A morte da tartaruga
"Little boy". Fatemeh Haghnejad. |
Afinal, com tanto choro, o pai acordou lá dentro, e
veio, estremunhado, ver de que se tratava. O menino mostrou-lhe a tartaruga
morta. A mãe disse: ― “Está aí assim há meia hora, chorando que nem maluco. Não
sei mais o que faço. Já lhe prometi tudo mas ele continua berrando desse
jeito”. O pai examinou a situação e propôs: ― “Olha, Henriquinho. Se a
tartaruga está morta não adianta mesmo você chorar. Deixa ela aí e vem cá com o
pai”. O garoto depôs cuidadosamente a tartaruga junto do tanque e seguiu o pai,
pela mão. O pai sentou-se na poltrona, botou o garoto no colo e disse: ― “Eu
sei que você sente muito a morte da tartaruguinha. Eu também gostava muito
dela. Mas nós vamos fazer pra ela um grande funeral.” (Empregou de propósito a
palavra difícil). O menininho parou imediatamente de chorar. “Que é funeral?” O
pai lhe explicou que era um enterro. “Olha, nós vamos à rua, compramos uma
caixa bem bonita, bastante balas, bombons, doces e voltamos para casa. Depois
botamos a tartaruga na caixa em cima da mesa da cozinha e rodeamos de velinhas
de aniversário. Aí convidamos os meninos da vizinhança, acendemos as velinhas,
cantamos o “Happy-Birth-Day-To-You” pra tartaruguinha morta e você assopra as
velas. Depois pegamos a caixa, abrimos um buraco no fundo do quintal,
enterramos a tartaruguinha e botamos uma pedra em cima com o nome dela e o dia
em que ela morreu. Isso é que é funeral! Vamos fazer isso?” O garotinho estava
com outra cara. “Vamos, papai, vamos! A tartaruguinha vai ficar contente lá no
céu, não vai?

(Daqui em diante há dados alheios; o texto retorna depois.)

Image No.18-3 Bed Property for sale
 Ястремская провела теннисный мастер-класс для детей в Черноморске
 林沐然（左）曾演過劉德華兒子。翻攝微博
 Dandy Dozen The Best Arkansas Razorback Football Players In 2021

Olha, eu vou apanhar ela”. Saiu correndo. Enquanto o pai se
vestia, ouviu um grito no quintal. “Papai, papai, vem cá, ela está viva!” O pai
correu pro quintal e constatou que era verdade. A tartaruga estava andando de
novo, normalmente. “Que bom, hein?” ― disse ― “Ela está viva! Não vamos ter que
fazer o funeral!” “Vamos sim, papai” ― disse o menino ansioso, pegando uma
pedra bem grande ― “Eu mato ela.”
MORAL: O IMPORTANTE NÃO É A MORTE, É O QUE ELA NOS TIRA.